The news last week that Britain’s largest academic union decided not to boycott Israel on legal grounds (gee, and isn’t that a moral high road? “Let’s not do it, we might get sued.”) was great news. But this is even better:

A tour of Palestinian academic officials arranged by the British University and College Union was canceled following the union’s decision to call off its threat of an academic boycott of Israel.

During the tour, Palestinian academics were meant to visit British campuses and present their side of the conflict and the advantages of imposing an academic boycott on Israel.

Darn. There goes the propaganda mission, down the toilet! And the Palestinians are seething.

Following the cancellation, the British Committee for Universities of Palestine issued a statement condemning the move. The committee claimed the UCU’s decision was based on legal advice that had not been shared with all the union’s members.

Professor Jonathan Rosenhead, one of the committee’s heads, who has also signed a petition organized by Jews for Justice for Palestinians, said it was not rare for government or other bodies to turn to lawyers to receive the legal advice they want to hear.

See, here’s the thing about deciding a legal question. Once a lawyer determines something is going to open an organization up to liability, he and other lawyers get together to make sure that he’s right. Once they determine that could happen, that’s pretty much the end of it in the corporate world. The membership of the union doesn’t get to vote on whether or not the union should take a risk of being sued. If Professor Jonathan Rosenhead had done what his mother wanted him to do, he’d be a lawyer now, instead of an academic, and he’d be able to grasp that simple concept. He might even not have turned against Israel, but hey, he’s a British Jew, so he’s already halfway there.

Dr Amjad Barham, president of the Palestinian Federation of Unions of University Professors and Employees, sent an open letter to Hunt expressing the federation’s shock and surprise at the cancellation of the tour.

In his letter, Barham wrote hat federation members felt their British colleagues were prevented the right to receive direct information, and expressed disappointment with the union’s leadership for failing to protect the members’ rights to hold an open discussion on the matter of the boycott.

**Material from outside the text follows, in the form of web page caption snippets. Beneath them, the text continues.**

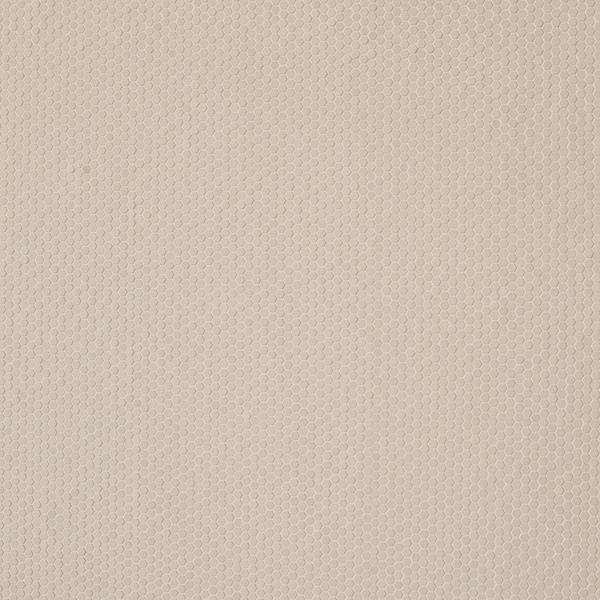 MUTINA PHENOMENON_HONEYCOMB A GRIGIO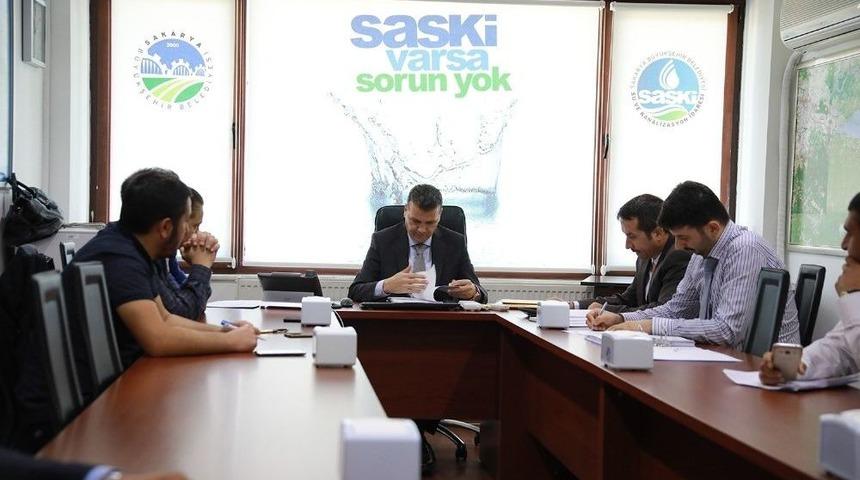 27 Kilometrelik Yeni Hat İ&ccedil;in İhale Tamam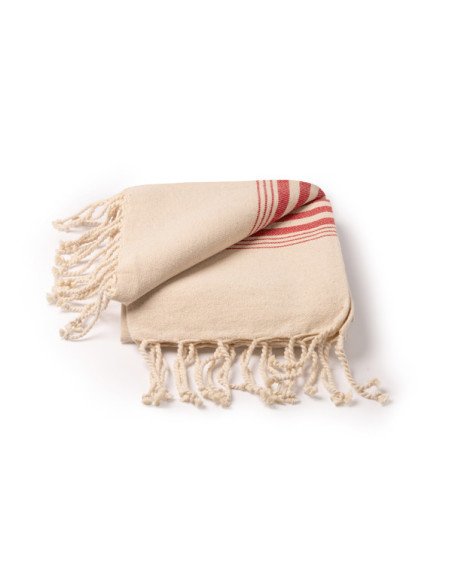 Pareo WITNEY personalizado de Stamina imagen 6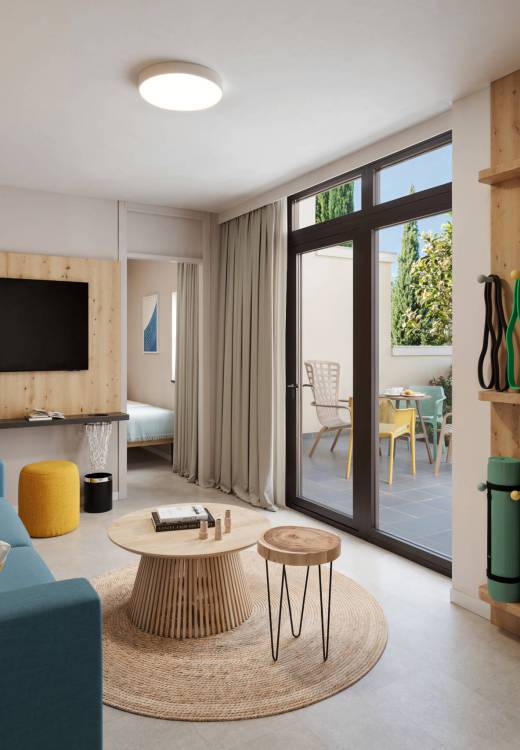 CGI_Sunny Poreč by Valamar_Suite for 4+2 Residence (4) (15773) [original]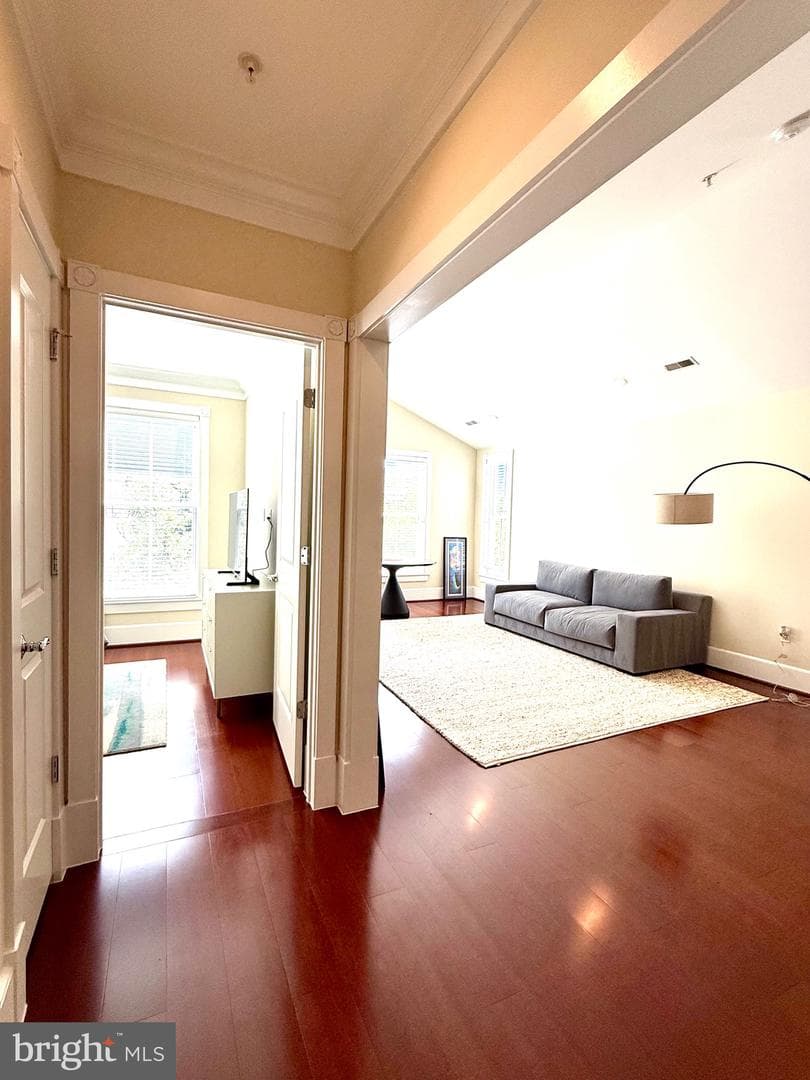 910 Powhatan Street #304s photo 15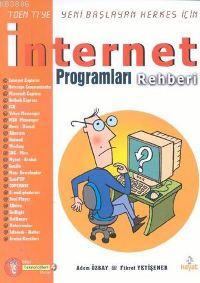 İnternet Programları Rehberi - Adem Özbay- | Yeni ve İkinci El Ucuz Ki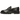 Jade 4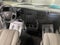 2025 Chevrolet Express Passenger 1LT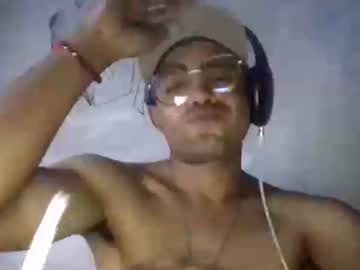 Bagh950120pa3 December 19, 2024 Chaturbate stream image
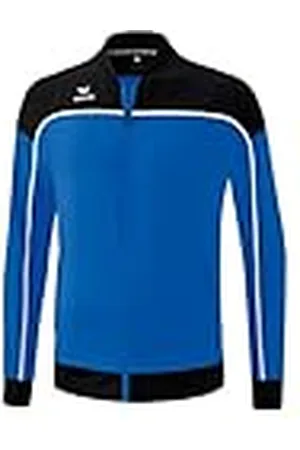 Erima Change by Funcional Chaqueta de presentación, , 3XL para Hombre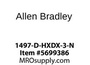 1497-D-HXDX-3-N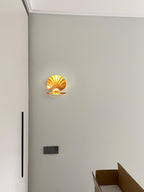 Lustra Applique Murale Perle Palourde - Neutralighting
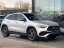 Mercedes-Benz GLA 250 AMG Line GLA 250 e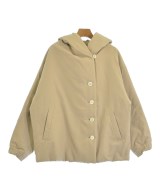 otoaa（オトアー）その他 ベージュ サイズ:F レディース/2200721291017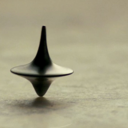 intotheobscurity-blog-blog avatar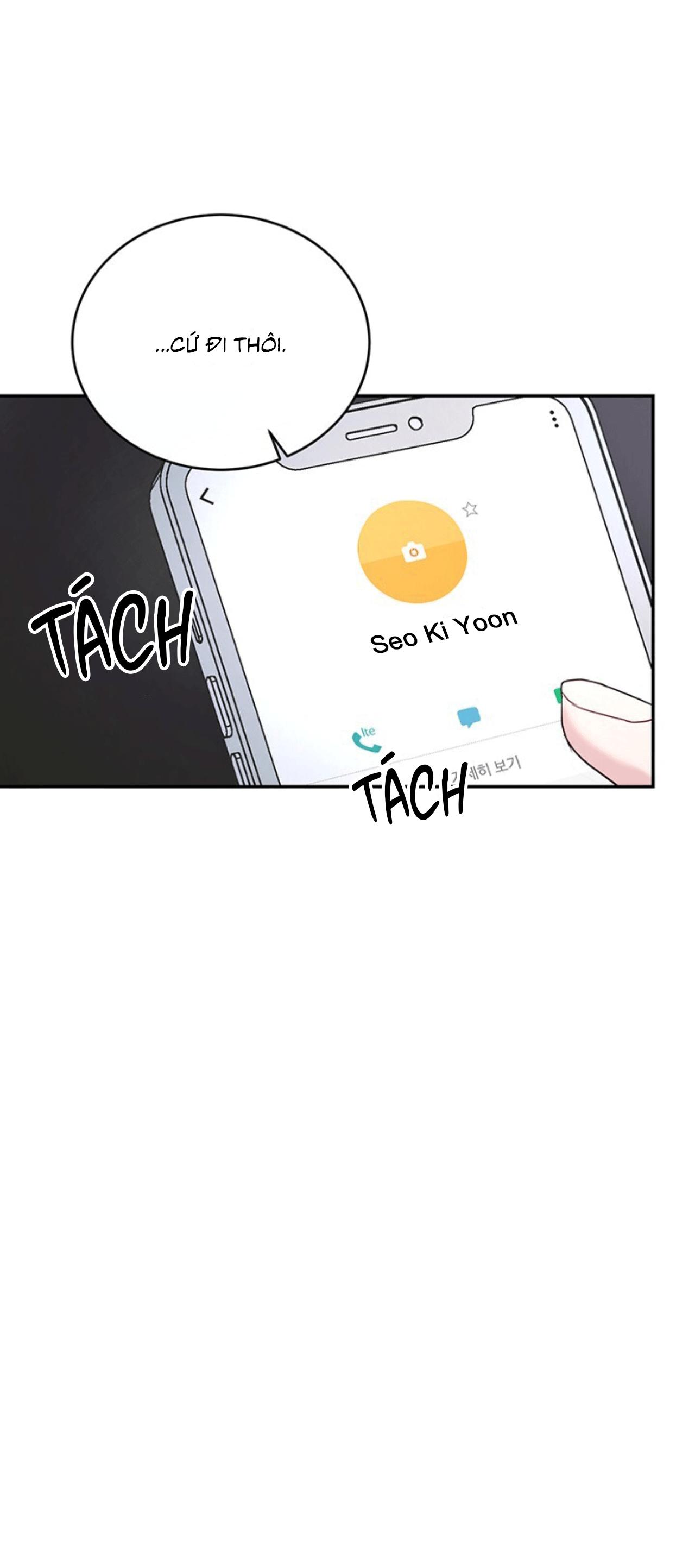 TIỂU THỬ: BẮT ĐẦU MÙA HÈ Chapter 58 - Next 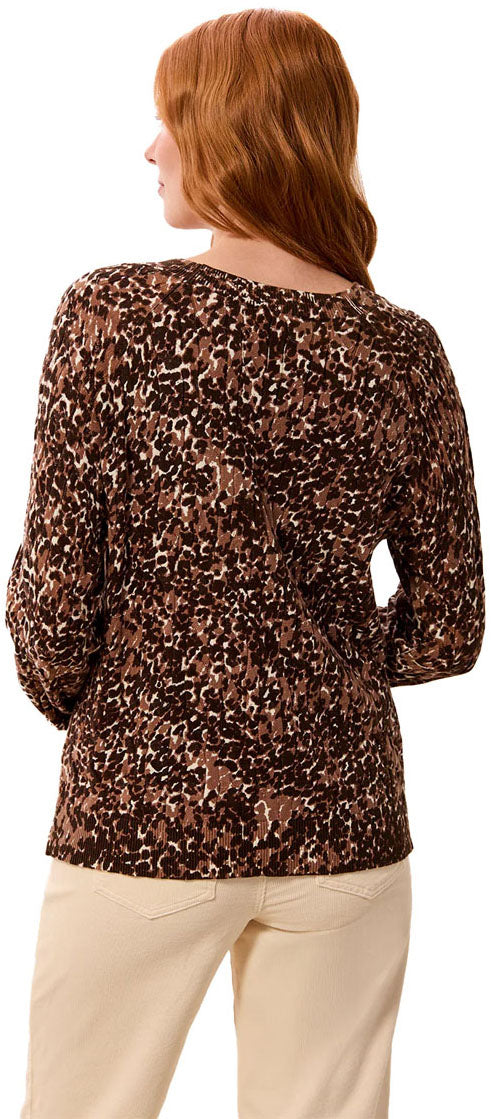 Sweater - Women's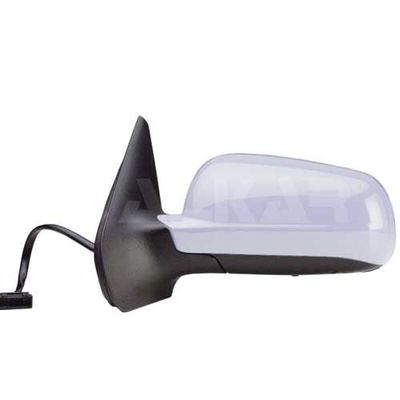 Dikiz Aynası Dış Sol MAHER 15233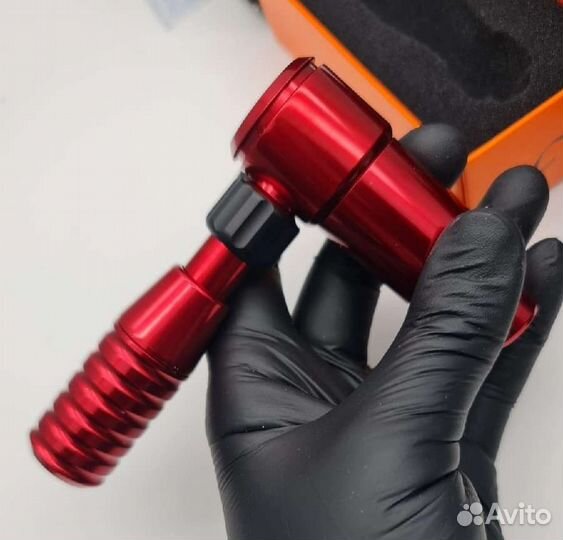 Тату машинка Cheyenne Spirit /Шаен Спирит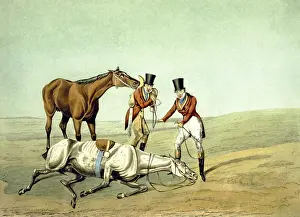 Going Home, Meltonians As They Are, from The Meltonians Going Home, Meltonians As They Are, from The Meltonians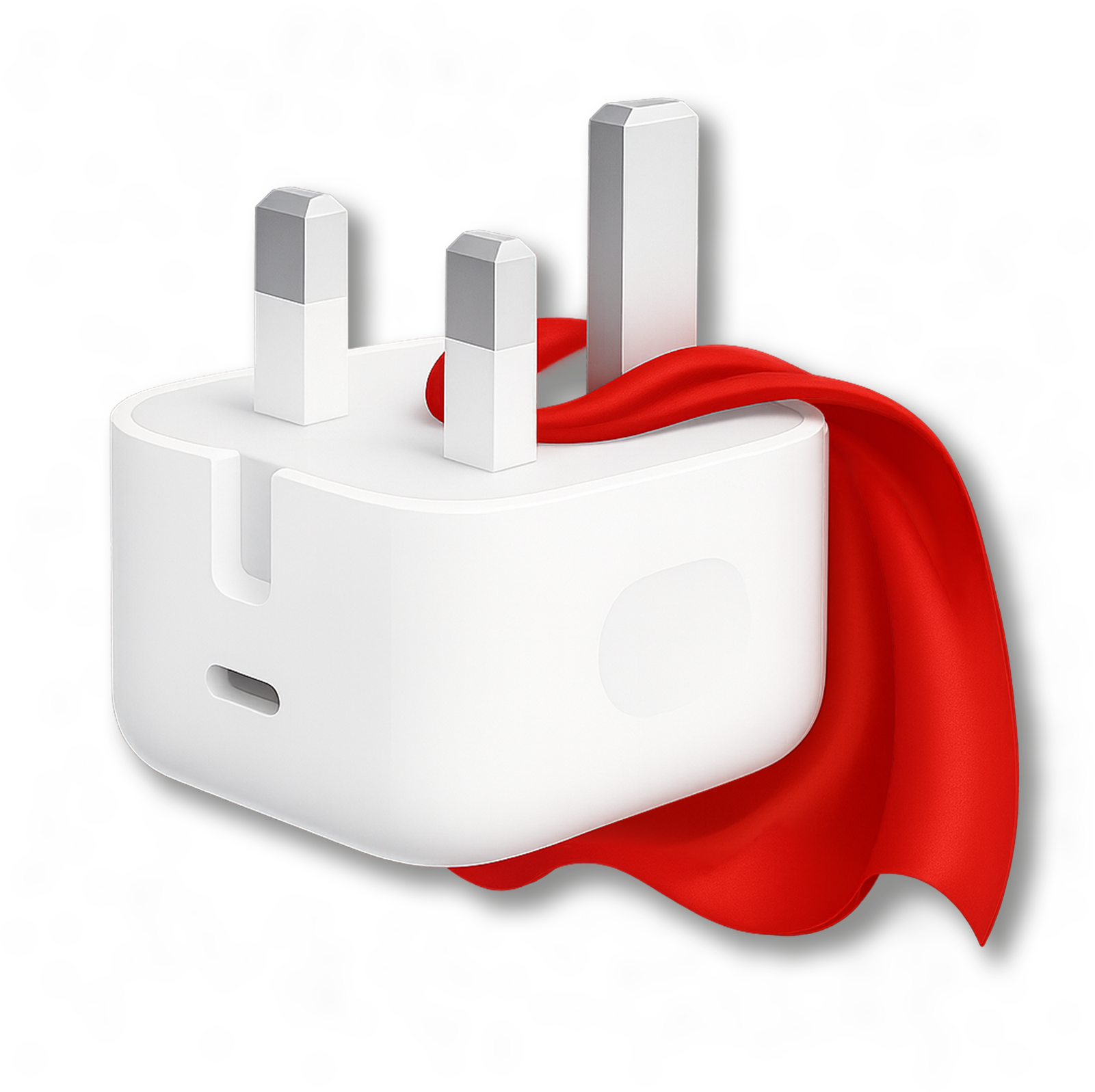 Apple Charger Original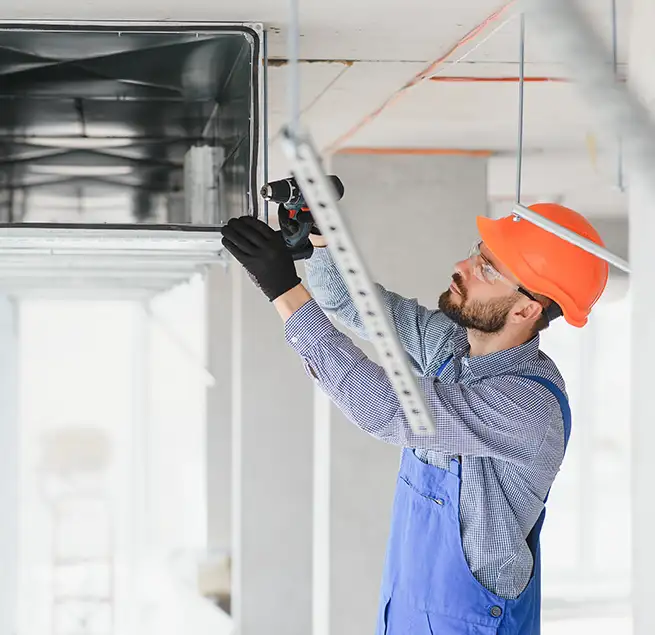  Why Homeowners Businesses Trust Us Kaukauna, WI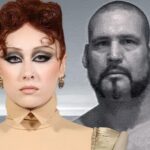 bodyguard at center of chappell roan controversy breaks silence 69c47d0548b16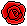薔薇のアイコン、イラスト sf01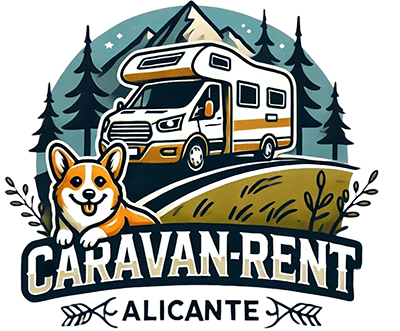 Caravan Rent Alicante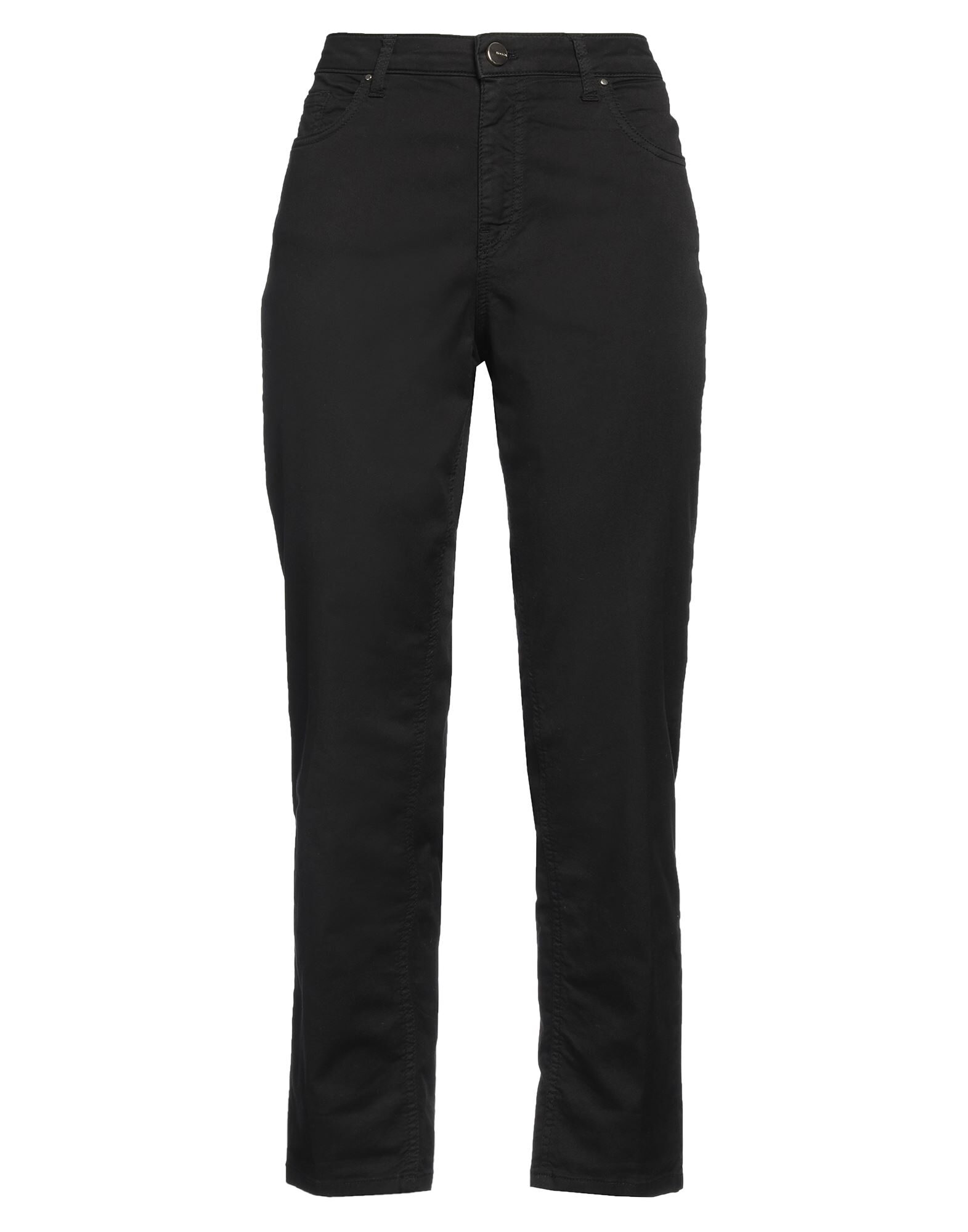 KOCCA - 캐주얼 바지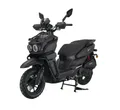 Скутер VENTO VMC Smart III 50 (170)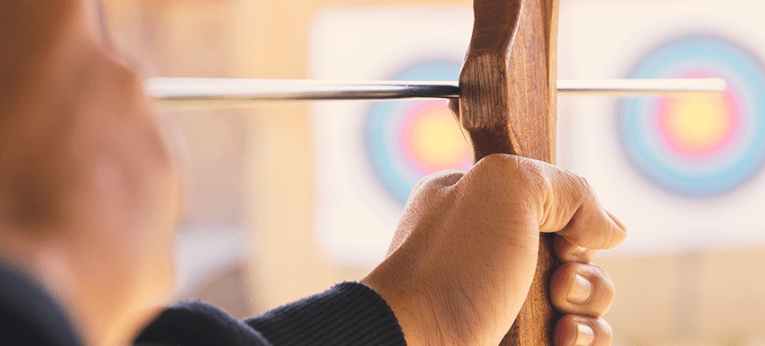 vendas por telefone vendas por telefone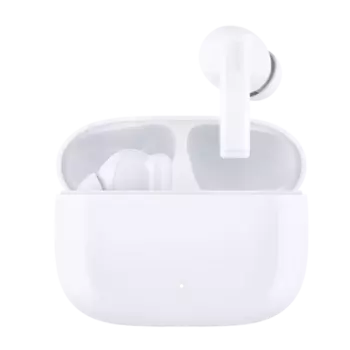 Bluetooth-гарнитура HONOR Choice Earbuds X7i, белый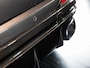 Maserati Grecale 3.0 V6 Trofeo Rood leder | Panoramadak | Surround camera | Sonus Faber audio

So, here’s the gist of the letter, if I have this right: Even though the legal staff has determined that if the UCU holds the boycott, it will be sued, which could effectively end the UCU, and even though the reason they could be sued is because the boycott against Israel would violate discrimination laws in the U.K., the Palestinians should still be allowed to go on a tour of British university campuses to tell people why they should have a discriminatory, probably-illegal boycott of Israel.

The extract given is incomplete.